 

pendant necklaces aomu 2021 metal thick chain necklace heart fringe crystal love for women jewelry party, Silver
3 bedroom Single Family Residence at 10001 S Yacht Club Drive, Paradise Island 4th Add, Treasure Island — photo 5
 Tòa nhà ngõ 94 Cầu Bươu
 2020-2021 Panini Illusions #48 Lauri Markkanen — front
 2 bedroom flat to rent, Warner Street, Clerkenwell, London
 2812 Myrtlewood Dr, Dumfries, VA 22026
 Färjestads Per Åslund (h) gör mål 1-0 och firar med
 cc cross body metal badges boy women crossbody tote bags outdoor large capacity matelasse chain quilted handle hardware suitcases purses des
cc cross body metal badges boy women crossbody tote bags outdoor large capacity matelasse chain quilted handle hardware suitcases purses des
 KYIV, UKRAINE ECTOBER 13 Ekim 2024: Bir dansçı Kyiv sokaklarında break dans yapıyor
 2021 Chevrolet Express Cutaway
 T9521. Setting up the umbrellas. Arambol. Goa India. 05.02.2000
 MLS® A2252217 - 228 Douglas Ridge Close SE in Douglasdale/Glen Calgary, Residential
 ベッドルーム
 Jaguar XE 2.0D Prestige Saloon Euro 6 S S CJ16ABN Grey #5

» **What to work on**
Beginning with the line that holds "T9521. Setting up", please return every line through the end of the data, exactly as written.

» **Problem solution**
 T9521. Setting up the umbrellas. Arambol. Goa India. 05.02.2000
 MLS® A2252217 - 228 Douglas Ridge Close SE in Douglasdale/Glen Calgary, Residential
 ベッドルーム
 Jaguar XE 2.0D Prestige Saloon Euro 6 S S CJ16ABN Grey #5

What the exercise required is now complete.